For practices that make the switch, the rewards can be significant. In particular, one of the biggest benefits of an online software solution is making it possible to work more collaboratively with clients because both parties have shared access to the accounts and can access them at any time and from any location. Equally, by offering higher-value advisory services that go beyond the basic tax and compliance package, practices can increase revenues and are more likely to be viewed a trusted business adviser, as well as a service provider.
Rather than taking a bite out of revenues, the fact that a cloud-based approach can help accountants deliver additional services for clients makes it possible to base fees around the value they add – rather than the hours spent on the job.
Crucially, rolling out more strategic services should also plug any revenue gap left as a result of having automated some of the more mundane manual data entry tasks. In this way, practices can use online accounting platforms to move beyond a basic level of service towards value-added functions like management accounting, data analysis and business consulting.
Having shared access to data also makes it more practical to spend time talking to clients about what their financial numbers really mean and focus on the decisions that can be made to move their businesses forward – rather than wasting time trying to get the numbers right and finding and fixing those hard-to-find data entry errors.

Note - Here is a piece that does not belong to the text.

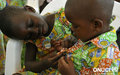 Village SOS d’Abobo en décembre 2011 : une fillette aide son jeune ami à bien fermer les boutons de sa chemise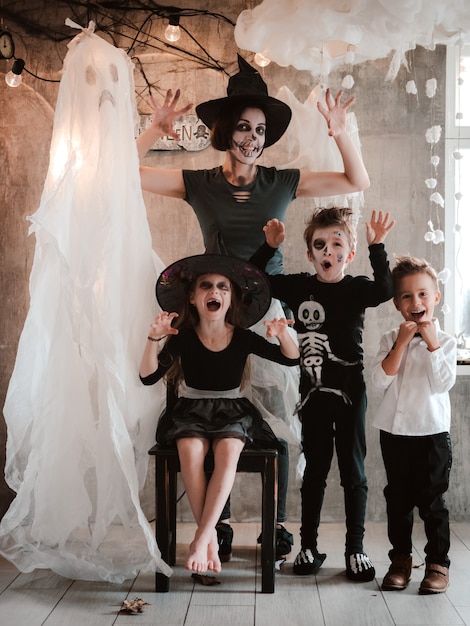 Gelukkige familie moeder en kinderen in kostuums en make-up op de halloween-viering op de achtergrond van het ghost-landschap, carnavalfeest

From a client perspective, many businesses will welcome the fact that cloud solutions are subscription-based and therefore typically priced at a low monthly rate. As a partner, this in turn enables practices to provide consistent monthly billing and more predictable costs for clients.
Making the transition
As with any significant change, a move to online accounting is unlikely to be entirely seamless, not least because it involves shifting practice management, tax, accounts production and bookkeeping systems online.
For this reason, as a first step before recommending cloud-based accounting software to clients, it’s well worth becoming more familiar with the technology by adopting it for the practice’s own accounts. Having used it within the practice, accountants not only gain the knowledge and experience needed when working with clients on the same platform but will also discover first-hand the broader benefits of working in the cloud.
The next step for the practice would be to identify which clients to move first by thinking about which would be most receptive to the technology and which would benefit the most.
In terms of company profile, this might include (but not be restricted to) younger firms of less than two years old or those which are particularly tech-savvy and have fewer than ten employees. However, it is also well worth identifying those who are currently struggling with their accounts using Excel spreadsheets as, using online accounting, they can import existing data and carry out processes which previously took days in a matter of hours.